■ **Task statement**: Only an exact copy is wanted: the lines from the one holding "Pijama Masculino Poliamida Verde Militar" through the last line below, minus the pictures.
[[ Data for the task open ]]
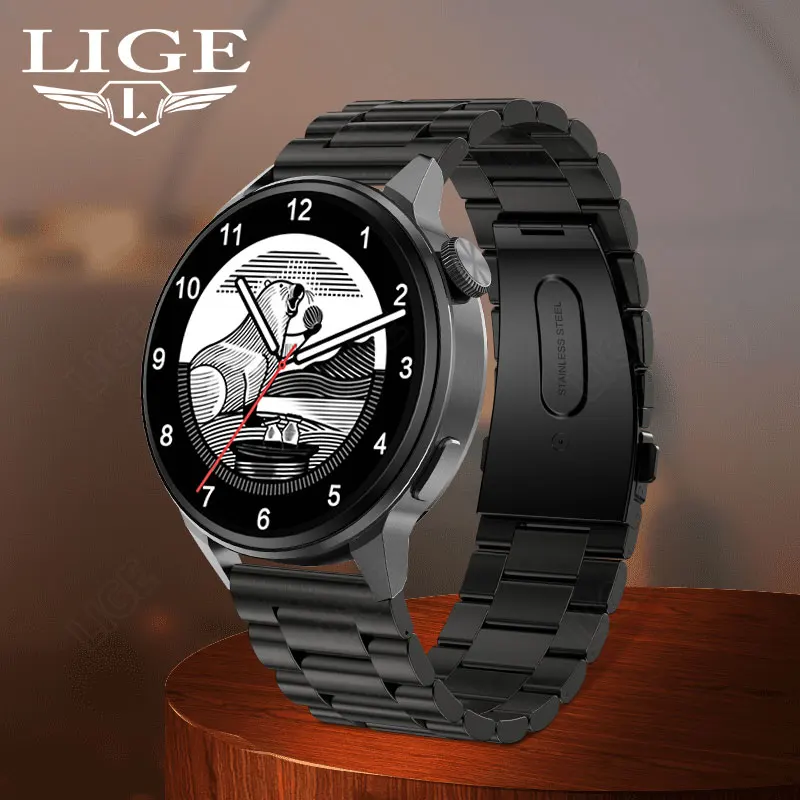 

LIGE SmartWatch Men Bluetooth Call GPS Movement Track PPG+ECG AI Voice Assistant Alipay NFC Access Control Smart Watch Women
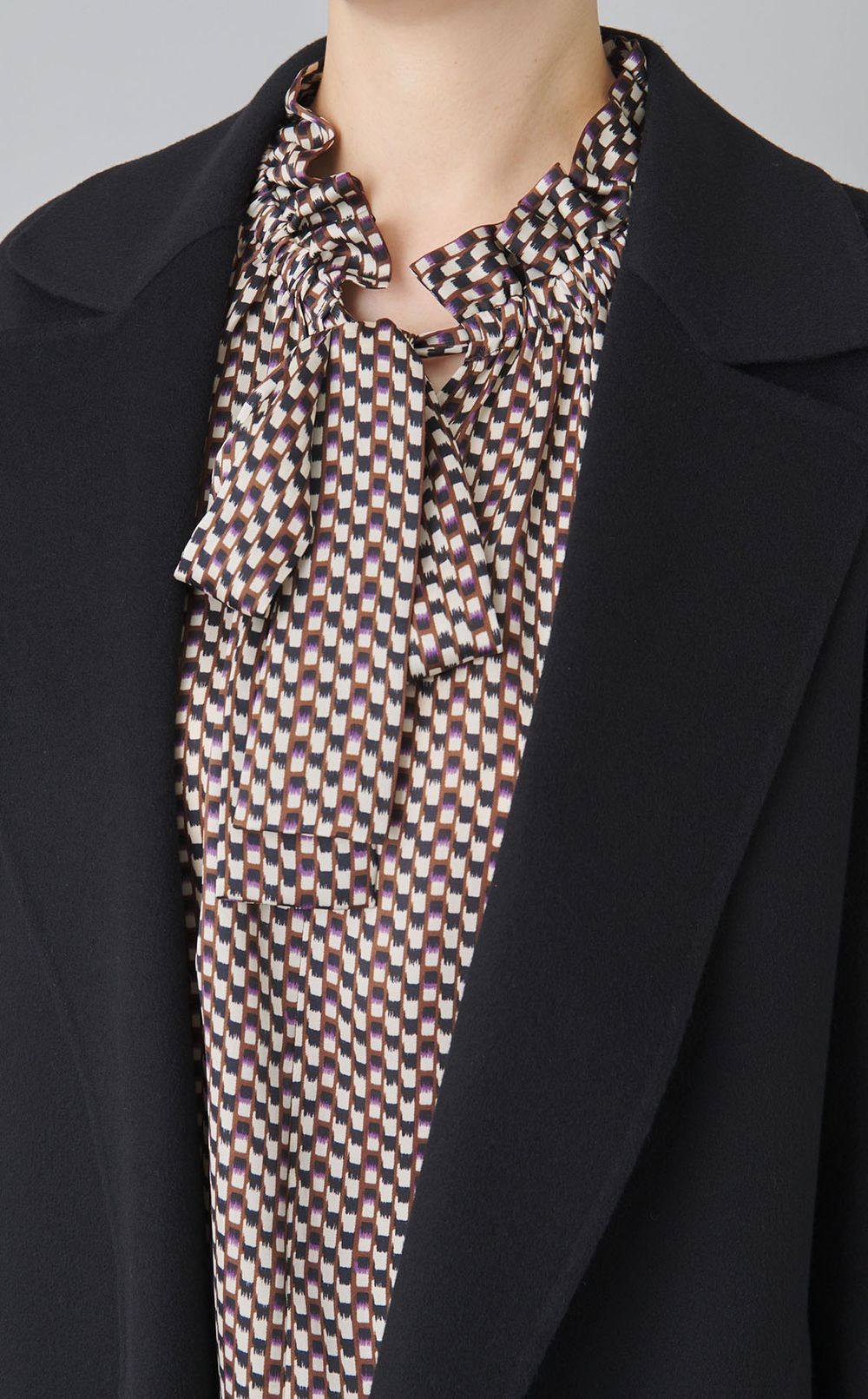 ダブルフェイスジャケットコート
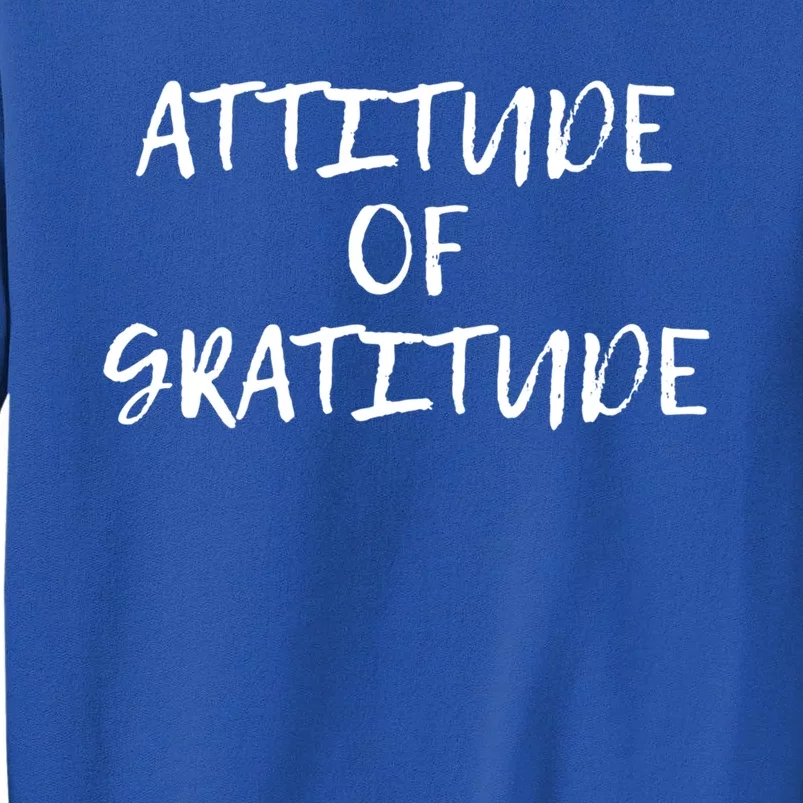 Attitude Of Gratitude Cool Gift Sweatshirt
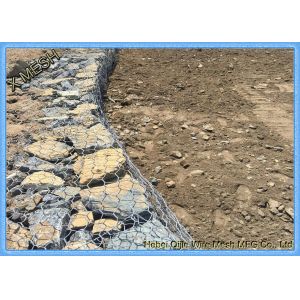 8x10cm Openning Welded Gabion Baskets Hot Dipped Galvanized Woven Steel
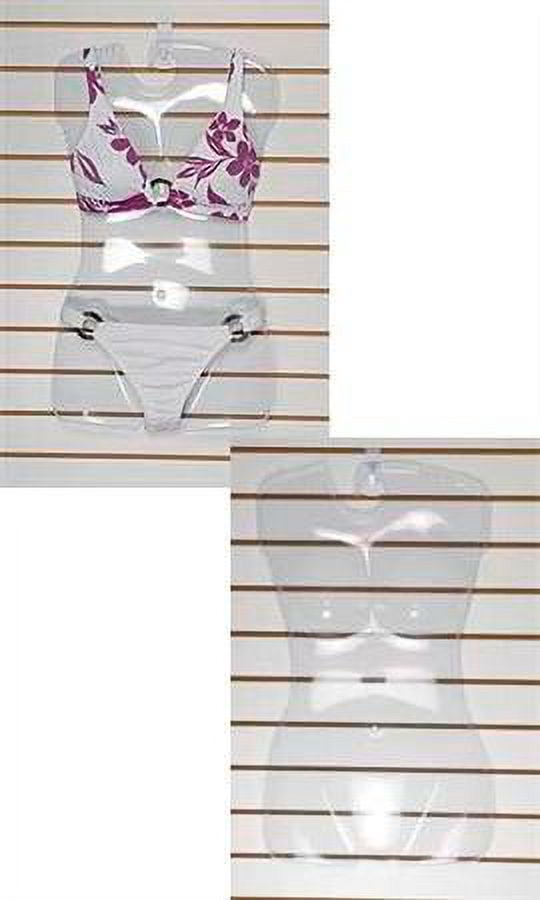 SSWBasics Economy Female Plastic Mannequin Torso - Hanging Mannequin Torso for Shirt Form Display - Sizes 4-10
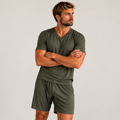 Pijama Masculino Poliamida Verde Militar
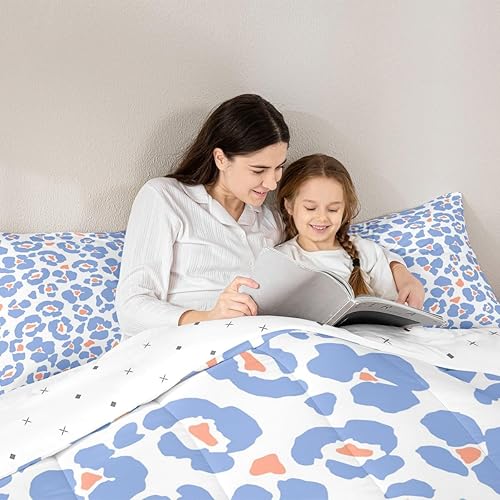 Miniatura 125 de Castle Fairy Juego de ropa de cama con estampado de cebra, tamaño matrimonial, juego de edredón de animales de África y vida silvestre, juego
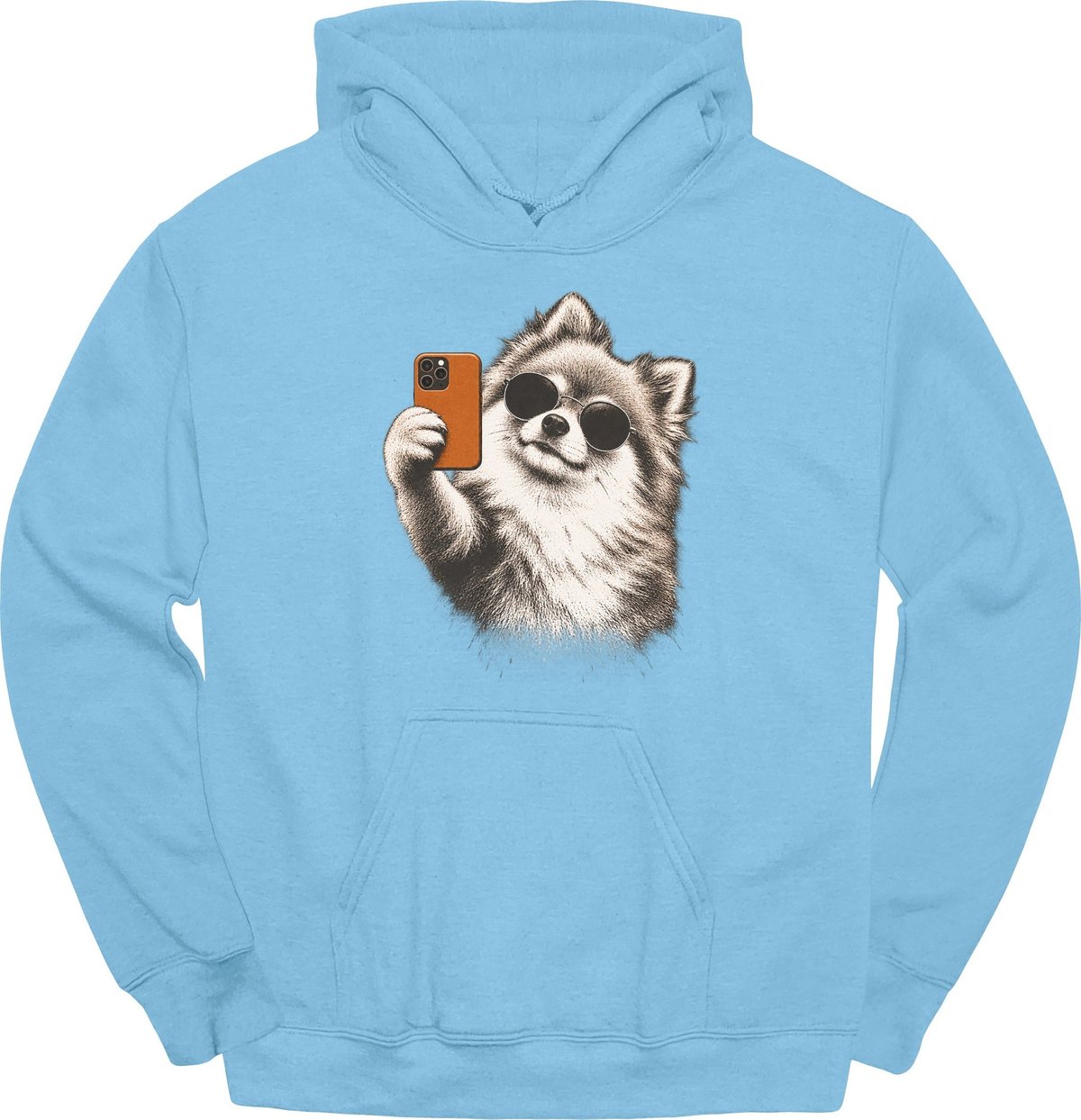Pomeranian Selfie Dog Hoodie Gift For Dog Lover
[[ Data for the task closed ]]
■ **Solution to this task**:
 Pijama Masculino Poliamida Verde Militar
 Miniatura 125 de Castle Fairy Juego de ropa de cama con estampado de cebra, tamaño matrimonial, juego de edredón de animales de África y vida silvestre, juego
Pomeranian Selfie Dog Hoodie Gift For Dog Lover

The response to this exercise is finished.